TASK:
Your task is to return the listing below word for word, without any of its images.

········

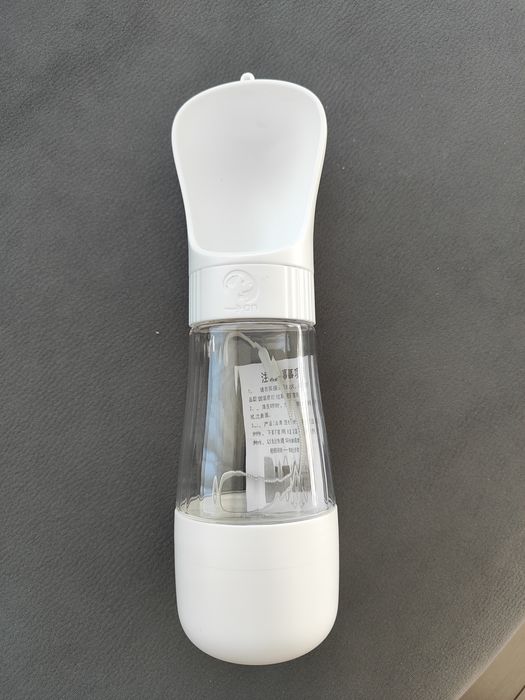 Garrafa de água e comida para cães e gatos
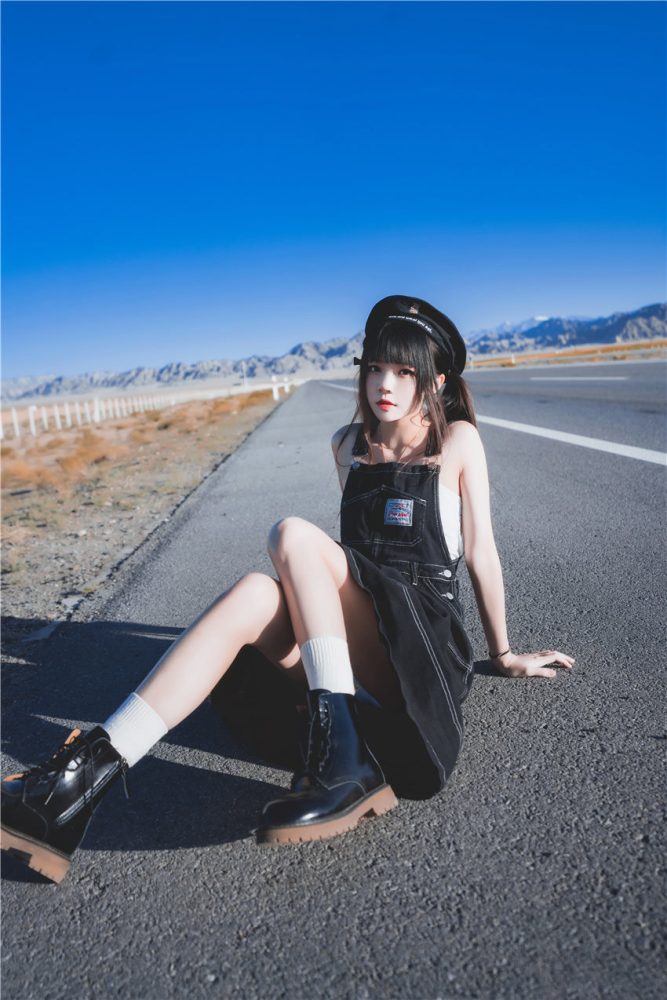 桜桃喵 路遥遥[19P-412MB]-美图世界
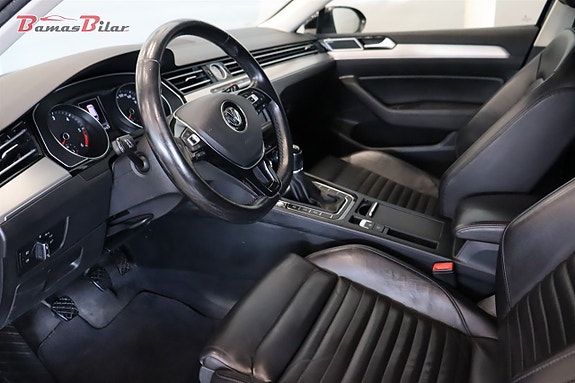 Volkswagen Passat 10 of 22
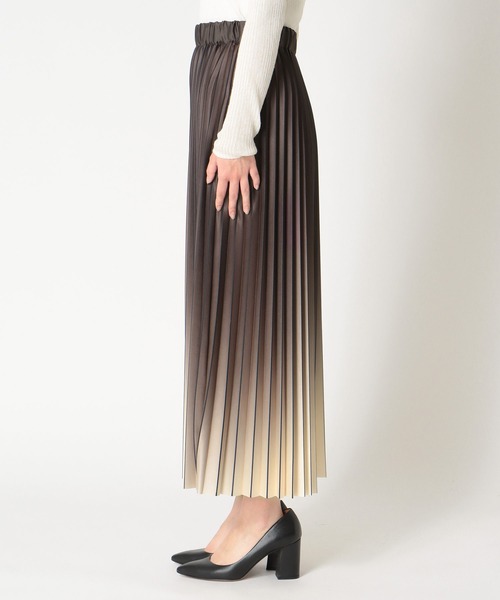 Jines（ジネス）の「ニットプリーツスカート（スカート・レディース・ブラウン/ブラック・38）」の4枚目の写真
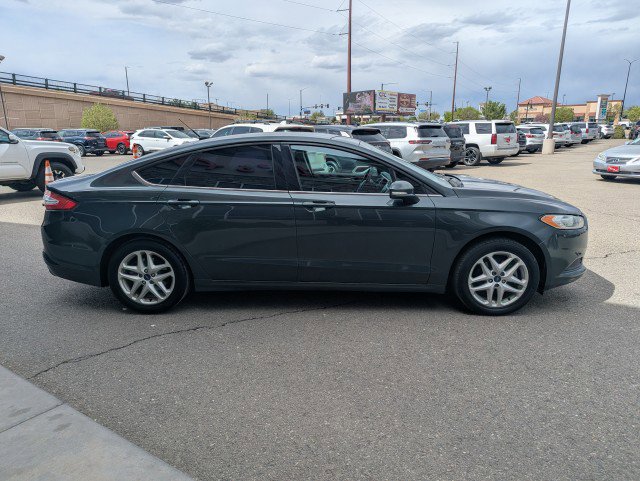 Used 2015 Ford Fusion SE image 6
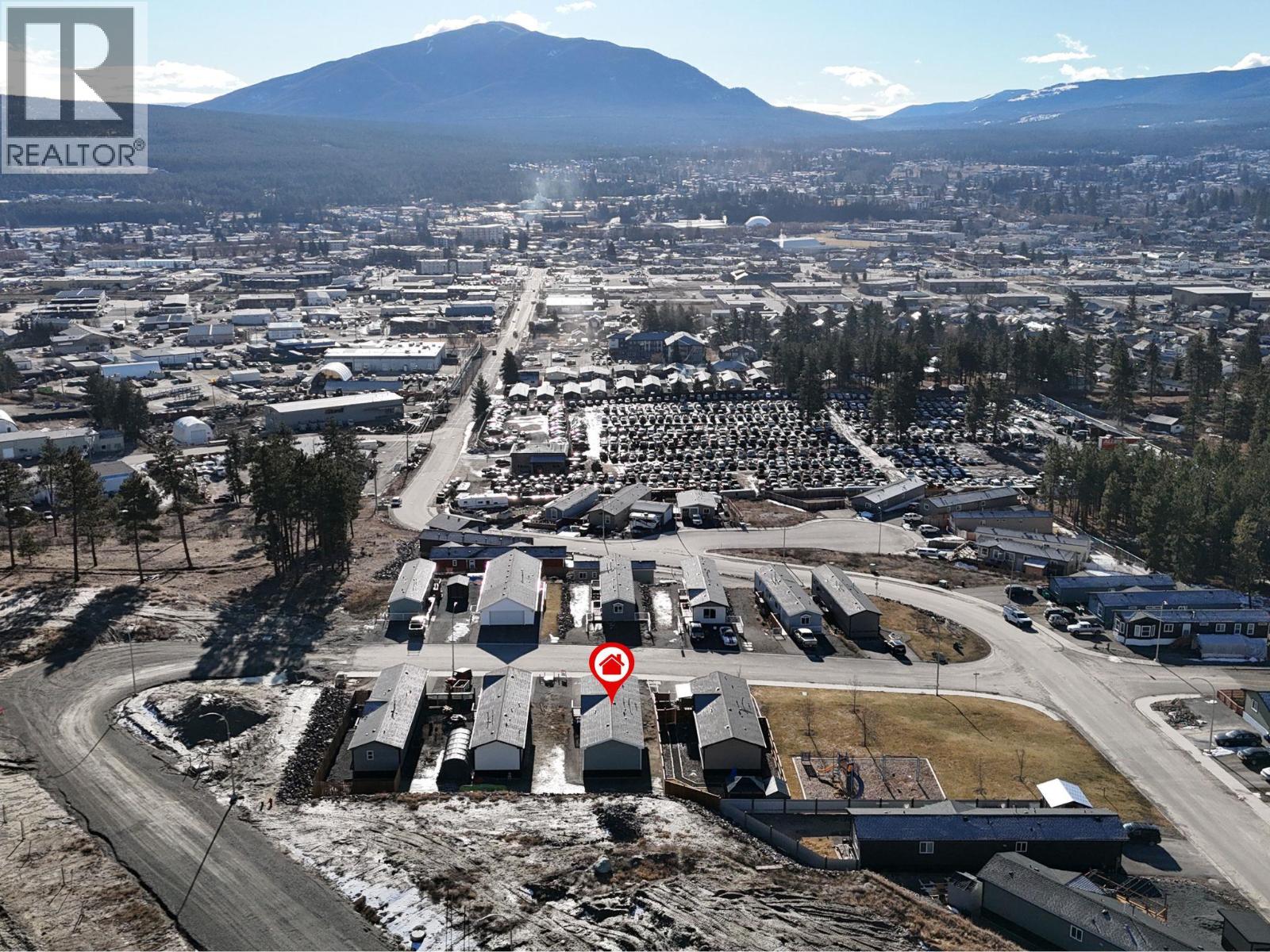 533 Steepleview Avenue Nw, Cranbrook, British Columbia  V1C 5L3 - Photo 5 - 10367230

········

RESULT OF THIS TASK:
 Garrafa de água e comida para cães e gatos
 桜桃喵 路遥遥[19P-412MB]-美图世界
 Volkswagen Passat 10 of 22
 Jines（ジネス）の「ニットプリーツスカート（スカート・レディース・ブラウン/ブラック・38）」の4枚目の写真
 Used 2015 Ford Fusion SE image 6
 533 Steepleview Avenue Nw, Cranbrook, British Columbia  V1C 5L3 - Photo 5 - 10367230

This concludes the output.